The patient presented 10 months later with an unpleasant “jumping” sensation in her feet when at rest which was relieved by movement. Symptoms were worse at night and she also described sudden involuntary movements of her lower limbs. These symptoms did not subjectively impact on sleep hygiene. Family history was negative for these symptoms.

SECTION 4

This patient’s symptoms were consistent with restless legs syndrome (RLS) and periodic limb movements of sleep. Medications included ubiquinone only. Initial blood tests including full blood count, iron, ferritin, glucose, renal and liver profiles, thyroid function tests, and vitamin B12 levels were normal. Nerve conduction studies were normal excluding a peripheral neuropathy. Due to the risks associated with developing a dopamine deficient syndrome with POLG mutations, 123-I Ioflupane DatSCAN imaging was performed.

This showed asymmetric uptake of tracer in the putamen with relative reduced uptake in the right putamen compared to the left side (figure 2) consistent with impairment of the dopamine transporter mechanism suggestive of parkinsonism. She declined pharmacologic intervention for symptom control. The results of POLG1 gene analysis in the affected relatives revealed the same heterozygous mutations.

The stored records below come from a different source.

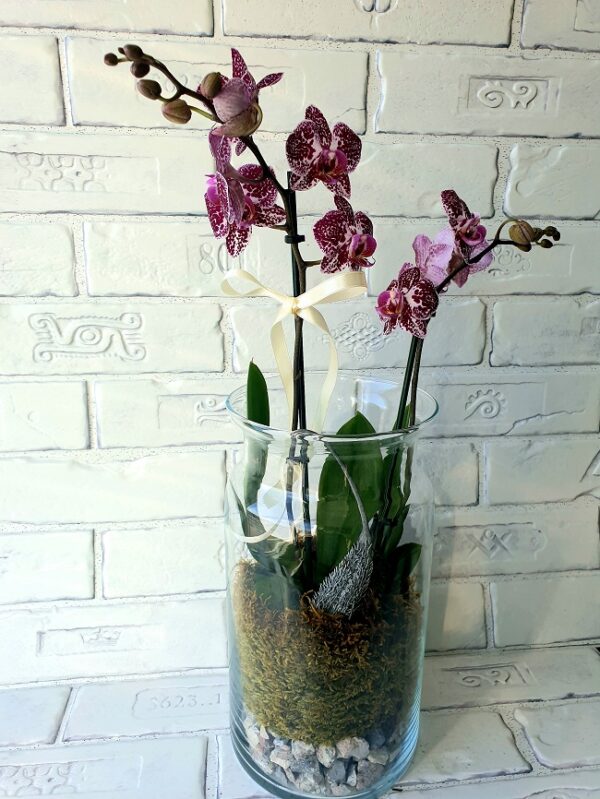 Aranjament-floral-Phalaenopsis-I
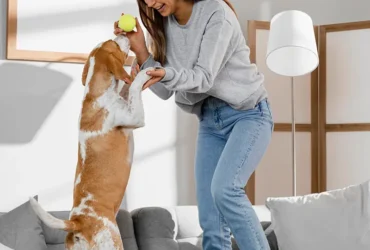 Cleaning Tips for Pet-Friendly Homes 3
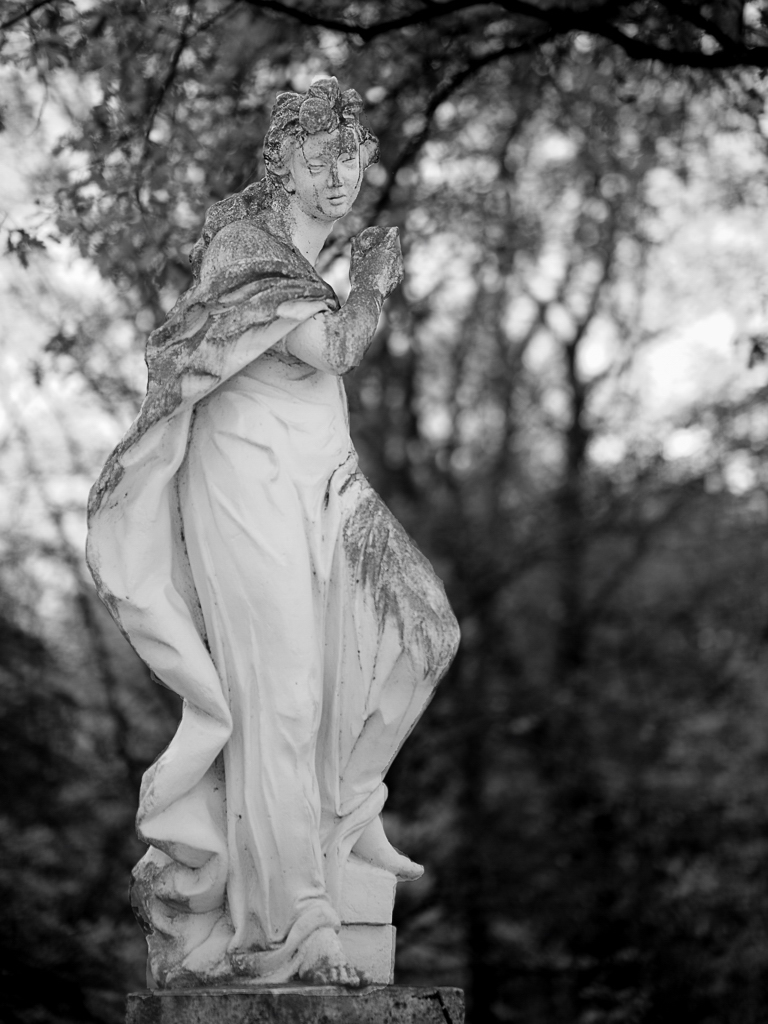 DSC0903n nff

Figure 2 Dopamine transporter scan showing asymmetric uptake of tracer in the putamen with relative reduced uptake in the right putamen compared to the left side, consistent with impairment of the dopamine transporter mechanism

DISCUSSION

Mutations of the POLG1 gene are thought to account for up to 25% of adult mitochondrial disease presentations.¹ This patient presented with gaze paresis, multiple mtDNA deletions in skeletal muscle, and a family history of ptosis. It is widely accepted that this constellation of factors warrants consideration of POLG1 as a possible diagnosis.¹ Autosomal dominant progressive external ophthalmoplegia (adPEO) caused by a mutation in POLG1 was first described in 2001.² Pathogenic mutations in the genes encoding POLG, the enzyme that synthesizes mitochondrial DNA, have been described in patients with dominant, recessive, and sporadic PEO, as well as in patients presenting with parkinsonism, neuropathy, late onset ataxia, and Alpers syndrome.³ Mitochondrial dysfunction has been linked to Parkinson disease (PD) with mtDNA deletions and rearrangements found in the substantia nigra of patients with PD and individuals with POLG mutations.^4,5

RLS is a common yet underdiagnosed condition with multiple causes.⁶ Secondary causes excluded in this patient include iron deficiency, pregnancy, and end-stage renal failure.⁷ The patient fulfilled the essential criteria for RLS: the urge to move the legs which is initiated or worsened by inactivity, relieved by movement and worse at night.^6,8 High prevalence of RLS is reported in this patient’s age group and gender (women, aged 50–59 years).⁹ Associated features are a family history of RLS, a positive therapeutic response to dopaminergic drugs, periodic limb movements in sleep, and sleep disturbance.⁶

Pathophysiologic concepts for RLS include dysfunction of the dopaminergic system based on clinical observation and response to dopamine and dopamine agonists. RLS symptoms may be prevalent in PD; however, an etiologic link has not been shown. Unlike PD, RLS is not a degenerative disorder and there is little evidence of degeneration of dopaminergic neurons, although neuroimaging shows a subtle functional impairment of the dopaminergic system with reduced dopamine binding in the caudate and putamen.¹⁰ Although extrapyramidal features have been described in POLG1 mutations, moreover, an association with RLS has yet to be reported.

The patient we describe has an unusual presentation of a commonly occurring syndrome, RLS, and extends the ever-evolving spectrum of clinical phenotypes attributable to mutation of the POLG1 gene.